Supplied material:
Content starts

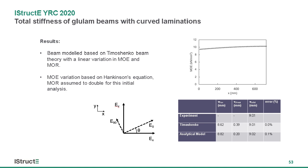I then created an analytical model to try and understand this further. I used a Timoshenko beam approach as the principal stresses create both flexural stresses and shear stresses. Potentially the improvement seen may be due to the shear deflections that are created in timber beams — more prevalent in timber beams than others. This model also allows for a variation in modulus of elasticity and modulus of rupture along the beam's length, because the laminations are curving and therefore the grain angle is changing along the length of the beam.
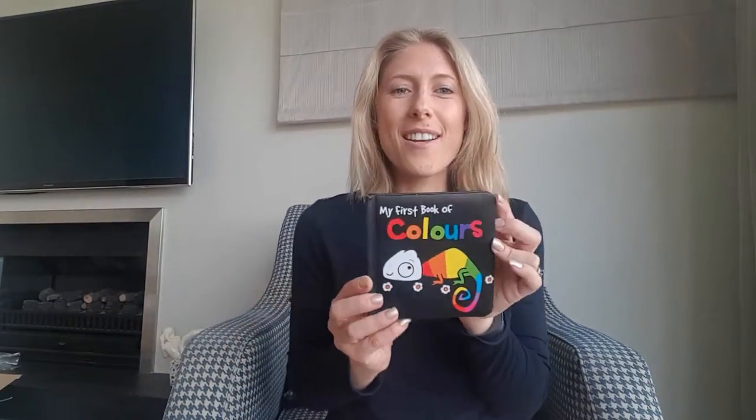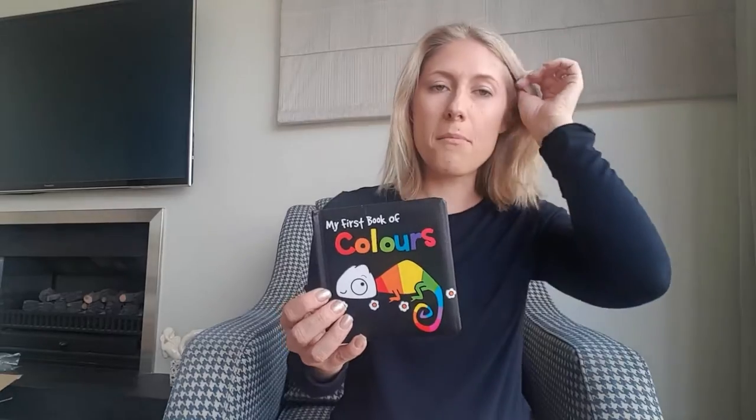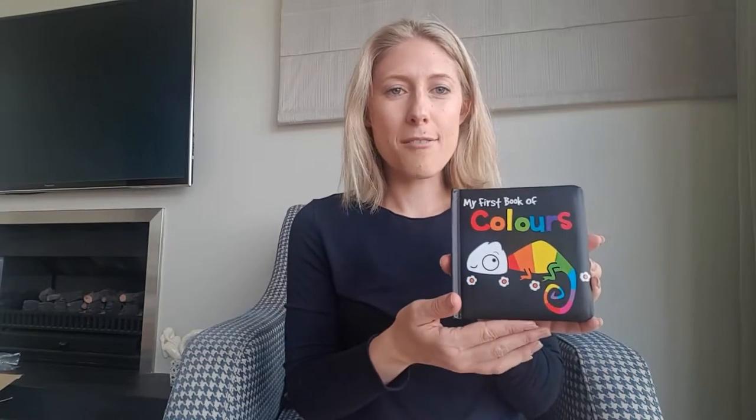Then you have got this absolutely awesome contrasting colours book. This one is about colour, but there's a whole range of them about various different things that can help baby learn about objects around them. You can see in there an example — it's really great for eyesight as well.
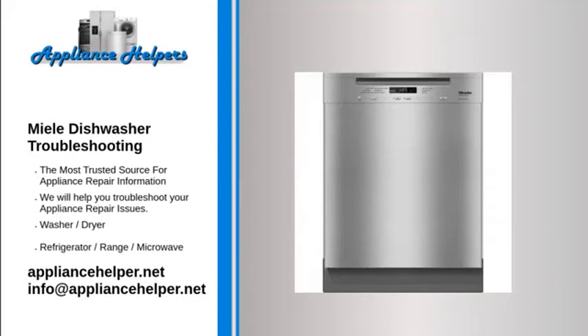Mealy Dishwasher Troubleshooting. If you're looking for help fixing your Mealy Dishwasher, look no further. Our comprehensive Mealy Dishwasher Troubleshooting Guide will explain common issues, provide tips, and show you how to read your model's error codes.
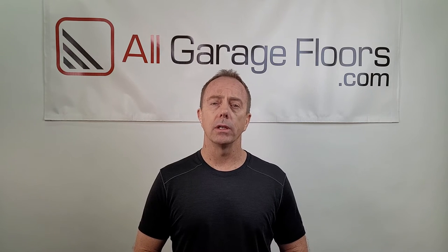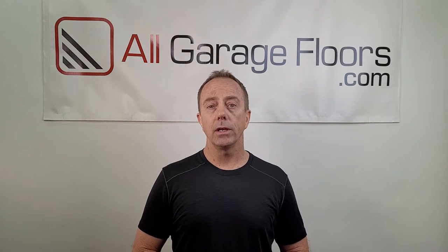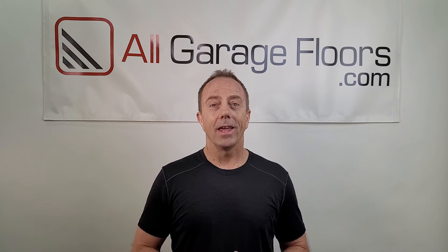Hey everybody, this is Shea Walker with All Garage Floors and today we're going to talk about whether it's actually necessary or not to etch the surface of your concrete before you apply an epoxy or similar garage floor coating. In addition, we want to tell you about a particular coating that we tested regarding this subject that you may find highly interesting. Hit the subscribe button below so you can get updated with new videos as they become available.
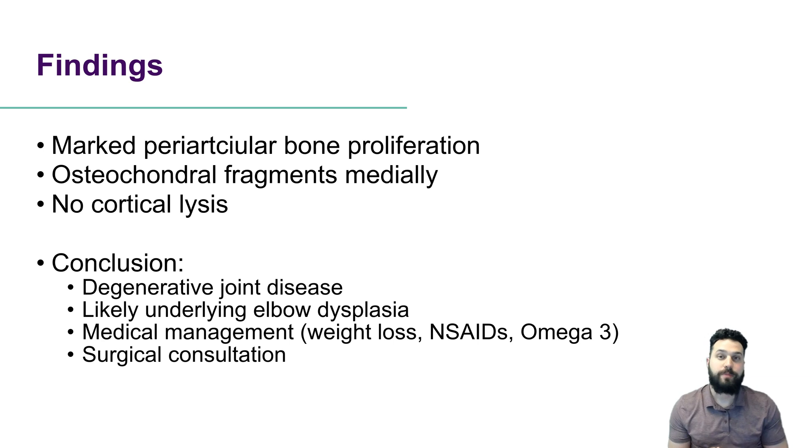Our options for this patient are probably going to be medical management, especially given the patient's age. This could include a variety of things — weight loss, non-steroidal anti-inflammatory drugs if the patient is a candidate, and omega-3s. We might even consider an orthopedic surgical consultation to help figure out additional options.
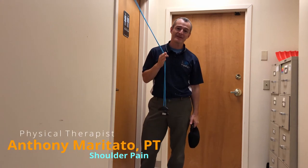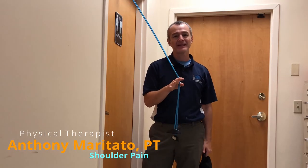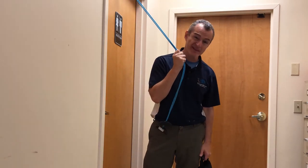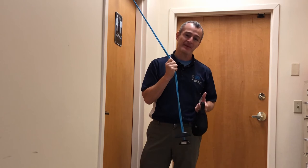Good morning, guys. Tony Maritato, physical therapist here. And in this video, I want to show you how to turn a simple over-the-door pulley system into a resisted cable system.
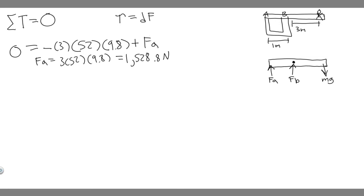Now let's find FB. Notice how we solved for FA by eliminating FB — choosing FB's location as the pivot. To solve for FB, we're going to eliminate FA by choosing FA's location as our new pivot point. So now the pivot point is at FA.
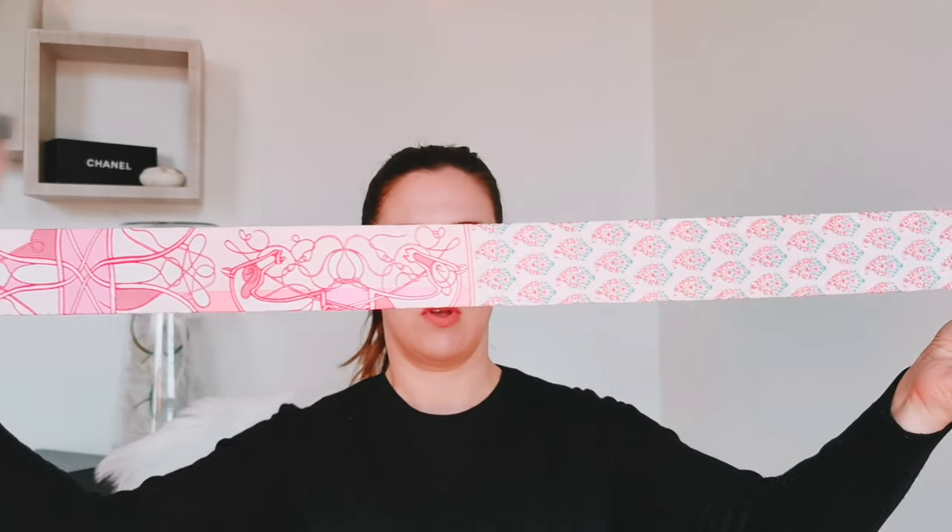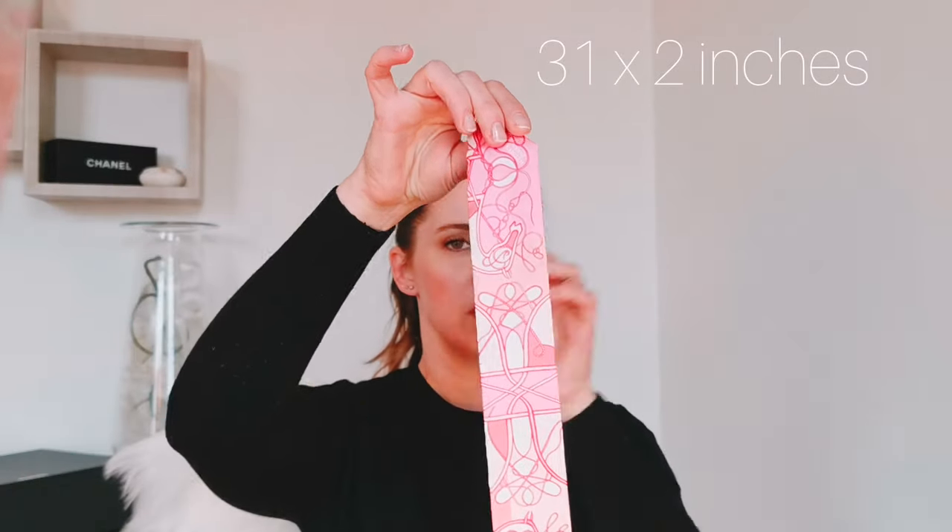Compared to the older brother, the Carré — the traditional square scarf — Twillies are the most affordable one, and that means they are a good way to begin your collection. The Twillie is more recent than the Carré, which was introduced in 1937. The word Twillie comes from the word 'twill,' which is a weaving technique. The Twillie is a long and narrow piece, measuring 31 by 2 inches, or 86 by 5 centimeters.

Content ends
Content starts

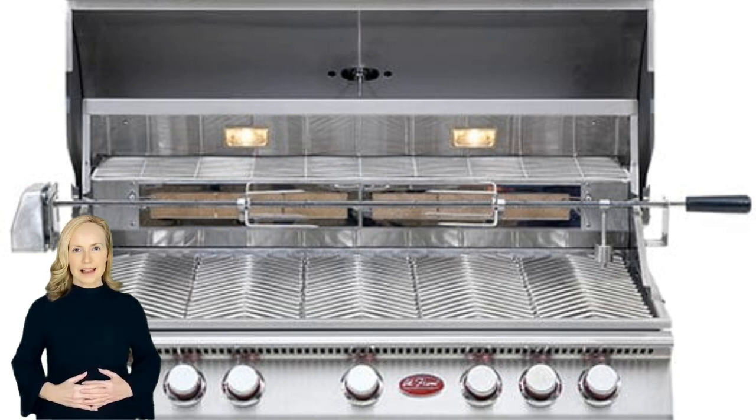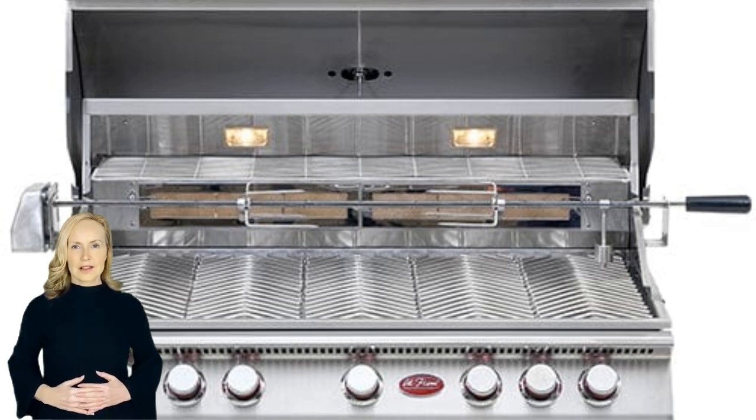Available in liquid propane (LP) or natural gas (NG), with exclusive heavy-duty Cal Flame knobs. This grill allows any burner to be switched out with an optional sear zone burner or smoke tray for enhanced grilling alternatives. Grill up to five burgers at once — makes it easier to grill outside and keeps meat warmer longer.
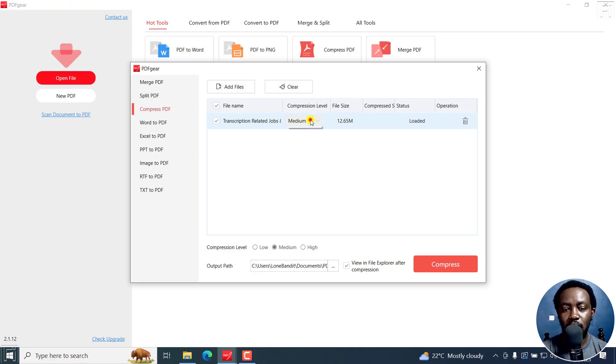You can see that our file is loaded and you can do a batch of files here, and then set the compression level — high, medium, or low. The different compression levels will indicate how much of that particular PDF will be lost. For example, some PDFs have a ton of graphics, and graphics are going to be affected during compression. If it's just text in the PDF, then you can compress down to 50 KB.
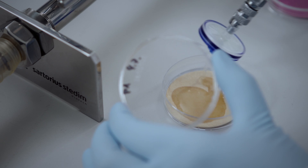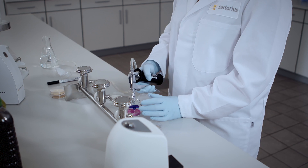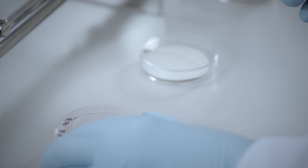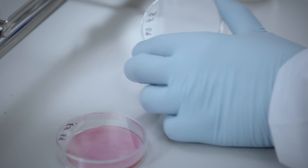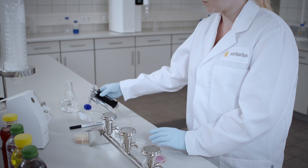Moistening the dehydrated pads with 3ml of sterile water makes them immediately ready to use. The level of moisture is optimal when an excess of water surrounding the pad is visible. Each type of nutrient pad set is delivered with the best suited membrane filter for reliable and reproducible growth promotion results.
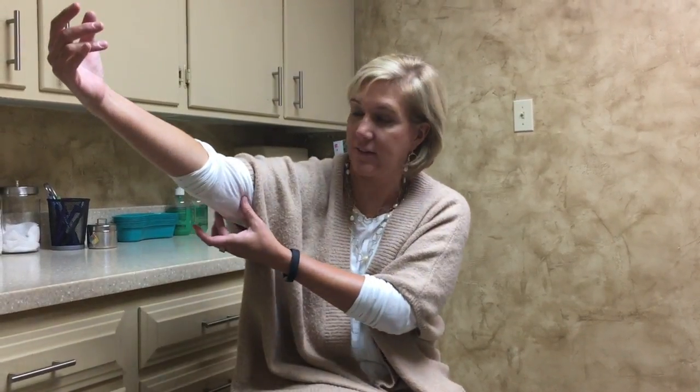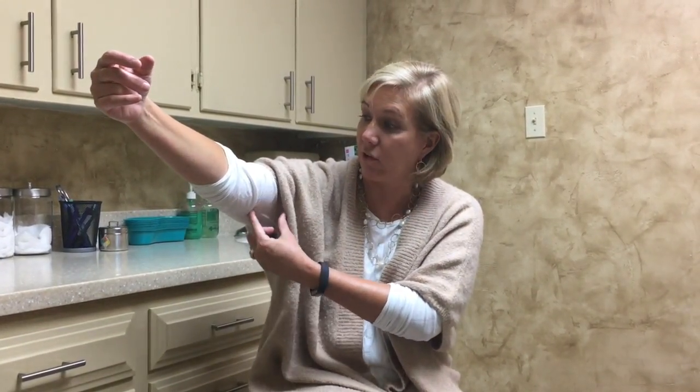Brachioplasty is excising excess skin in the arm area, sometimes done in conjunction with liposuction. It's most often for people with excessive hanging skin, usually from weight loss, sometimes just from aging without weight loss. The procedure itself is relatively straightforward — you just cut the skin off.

Content ends
Content starts

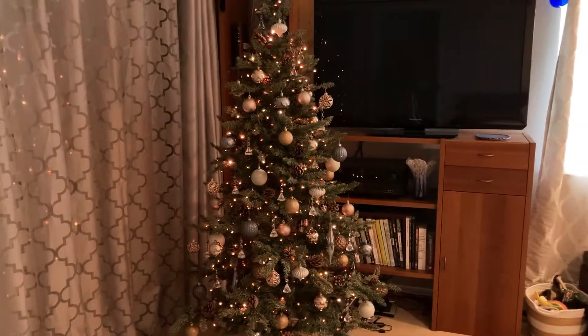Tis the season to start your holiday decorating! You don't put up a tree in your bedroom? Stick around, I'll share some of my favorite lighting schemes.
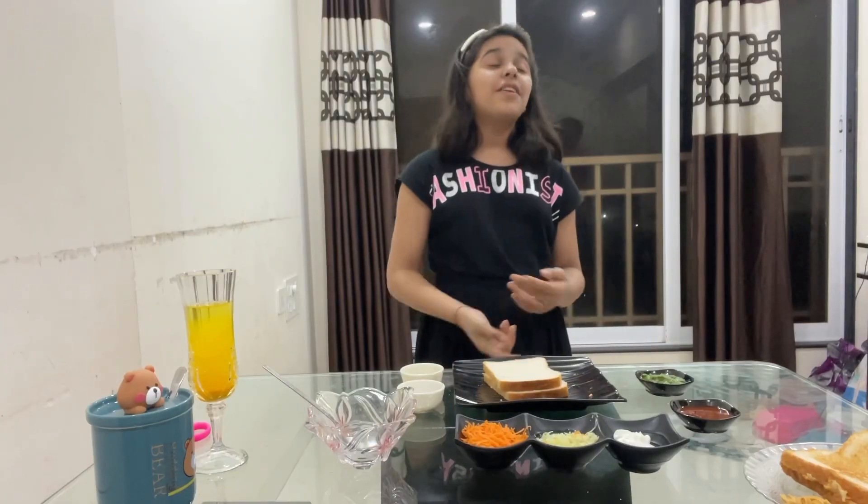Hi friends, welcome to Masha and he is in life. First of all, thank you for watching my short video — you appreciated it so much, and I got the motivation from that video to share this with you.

Content ends

To do: Using the data above, return the lines from the one holding "I then created" through the one holding "Then you have" exactly, but not the pictures.

Answer for the task:
I then created an analytical model to try and understand this further. I used a Timoshenko beam approach as the principal stresses create both flexural stresses and shear stresses. Potentially the improvement seen may be due to the shear deflections that are created in timber beams — more prevalent in timber beams than others. This model also allows for a variation in modulus of elasticity and modulus of rupture along the beam's length, because the laminations are curving and therefore the grain angle is changing along the length of the beam.
Then you have got this absolutely awesome contrasting colours book. This one is about colour, but there's a whole range of them about various different things that can help baby learn about objects around them. You can see in there an example — it's really great for eyesight as well.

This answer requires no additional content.